According to CNBC, the company would now prioritize home loans for current bank and wealth management clients, as well as borrowers in minority neighborhoods, as opposed to its earlier objective of reaching as many Americans as possible.

Since joining Wells Fargo in late 2019, it is the CEO Charlie Scharf's most recent and possibly most important strategic move. Around 71% of the $16.5 trillion in total household balances, or the largest category of debt owned by Americans, make up mortgages

Wells Fargo took pride in its large share of home loans under Scharf's predecessors - it was the country's top lender as recently as 2019, with $201.8 billion in volume, according to industry newsletter Inside Mortgage Finance.
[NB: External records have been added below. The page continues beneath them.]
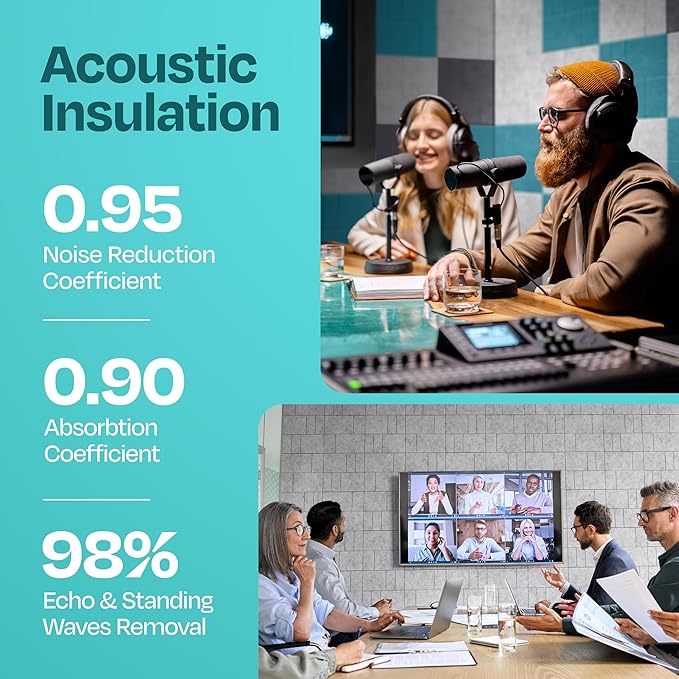 Acoustic Panels 12-Pack Soundproof Wall Panels 12"x12"x0.4" Decorative Sound - Image 3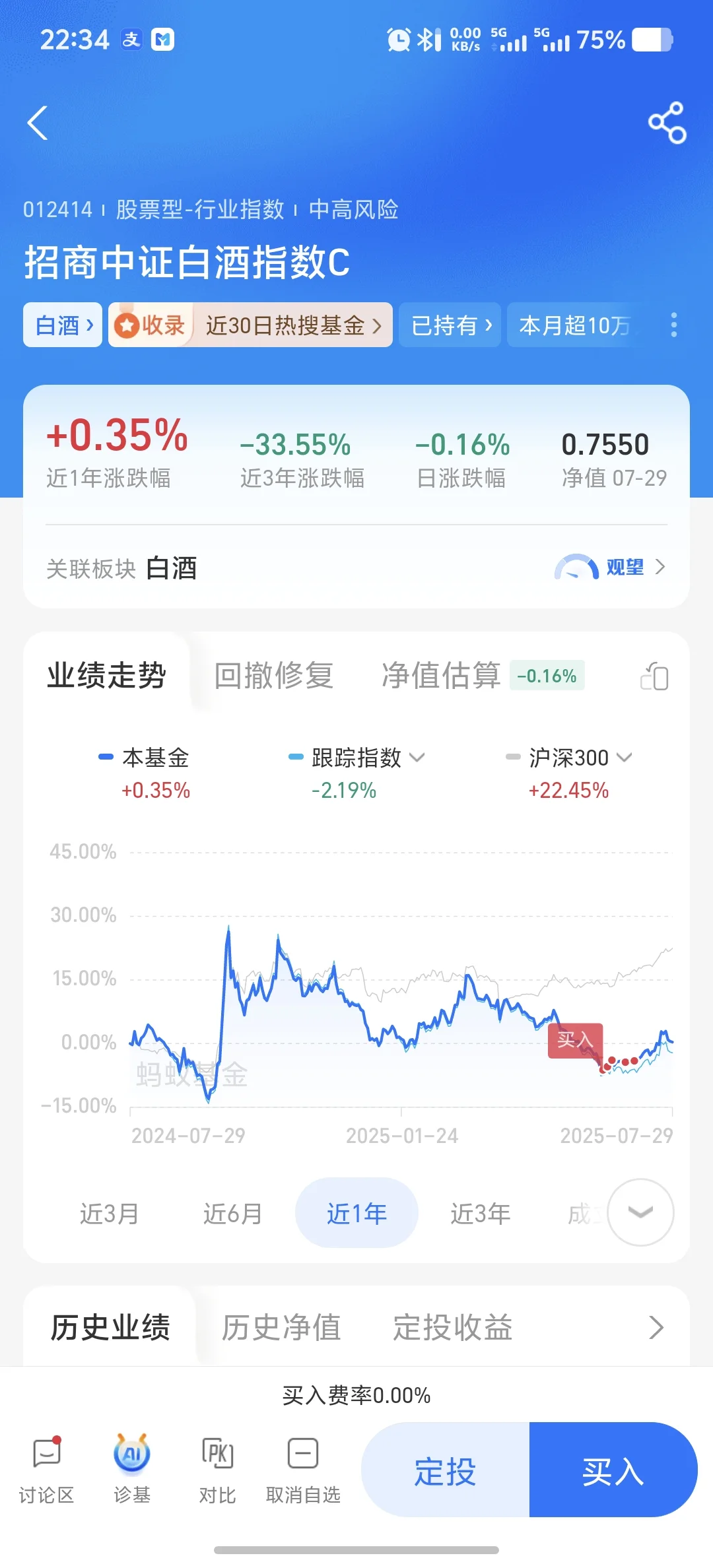 白酒要抄底吗？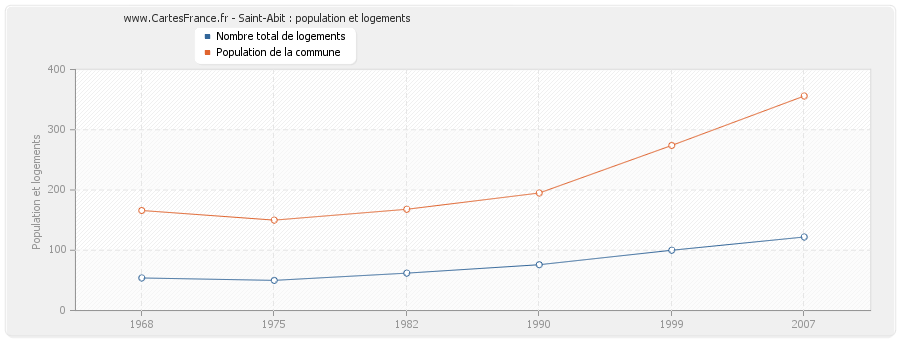 Saint-Abit : population et logements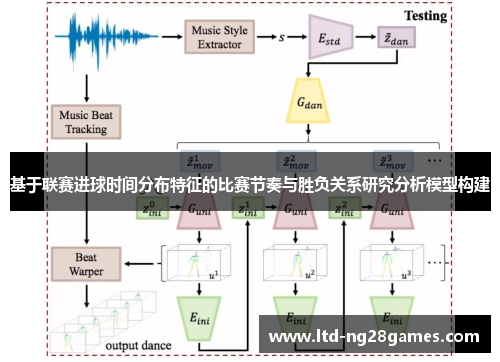 基于联赛进球时间分布特征的比赛节奏与胜负关系研究分析模型构建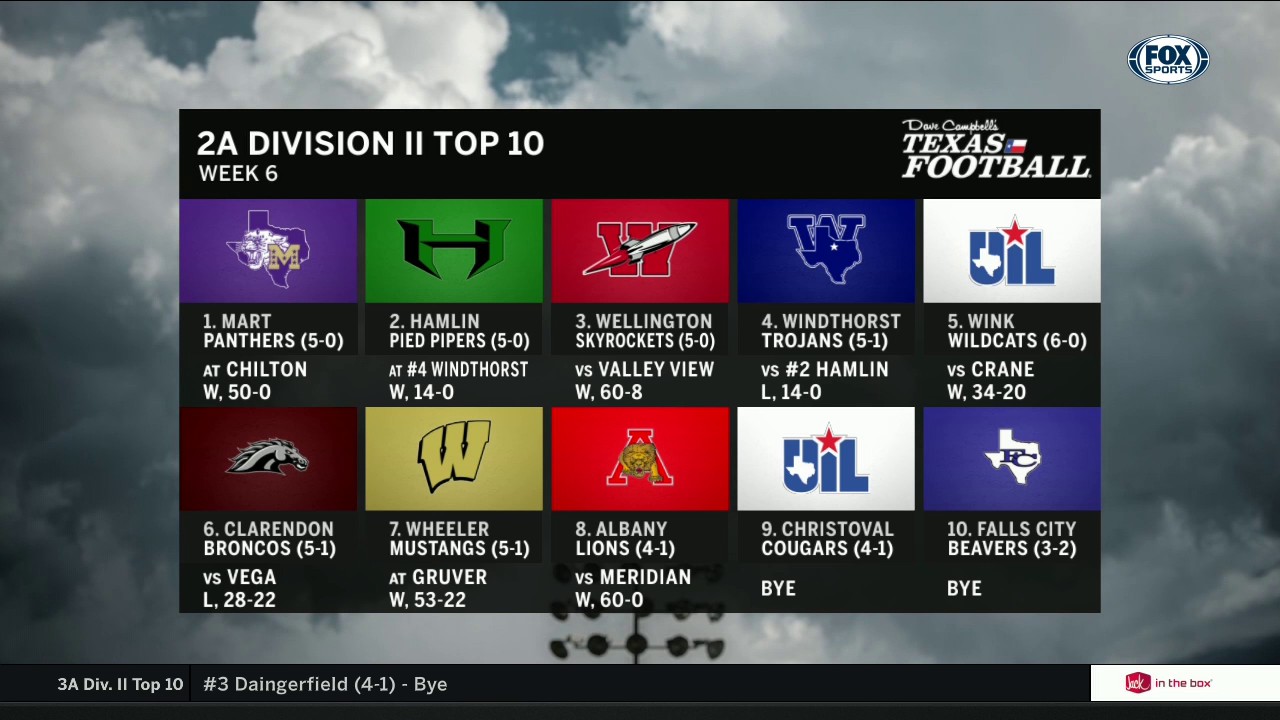 2A Division II Top Ten | High School Scoreboard Live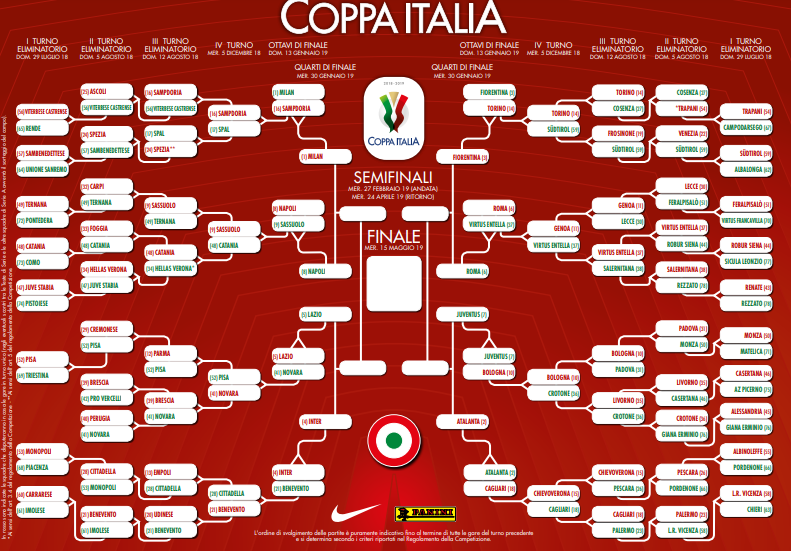 Tabellone Coppa Italia quarti di finale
The decision was influenced by two factors: a loan market that has plummeted since the Federal Reserve began rising rates last year, and concerns about the business's long-term profitability, according to consumer lending chief Kleber Santos. Over the last decade, regulators have increased regulation of mortgage lending, and Wells Fargo has been under more scrutiny following its 2016 fake accounts scandal.

"We are acutely aware of Wells Fargo's history since 2016 and the work we need to do to restore public confidence," Santos told CNBC. "As part of that review, we determined that our home-lending business was too large, both in terms of overall size and its scope."

Executives admitted that the change will also lead to a new round of layoffs for the bank's mortgage operations, although they would not say just how many employees would be lost. As sales decreased last year, thousands of mortgage employees were fired or departed the company.

According to Santos, Wells Fargo is also selling off assets in order to "significantly" reduce the size of its mortgage-servicing portfolio in addition to closing down its correspondent business, which purchased loans issued by independent lenders.

For San Francisco-based Wells Fargo, the correspondence channel represents a sizable revenue stream that grew greater as total loan activity declined last year. The bank said in October that correspondent loans made up 42% of the $21.5 billion in loans it originated in the third quarter.

Depending on the state of the market, Santos estimated that the transfer of mortgage-servicing rights to other industry players would take at least several quarters to complete.

As of the third quarter, Wells Fargo had approximately $1 trillion in loans, or 7.3% of the market, making it the largest U.S. mortgage servicer in terms of collecting payments from borrowers.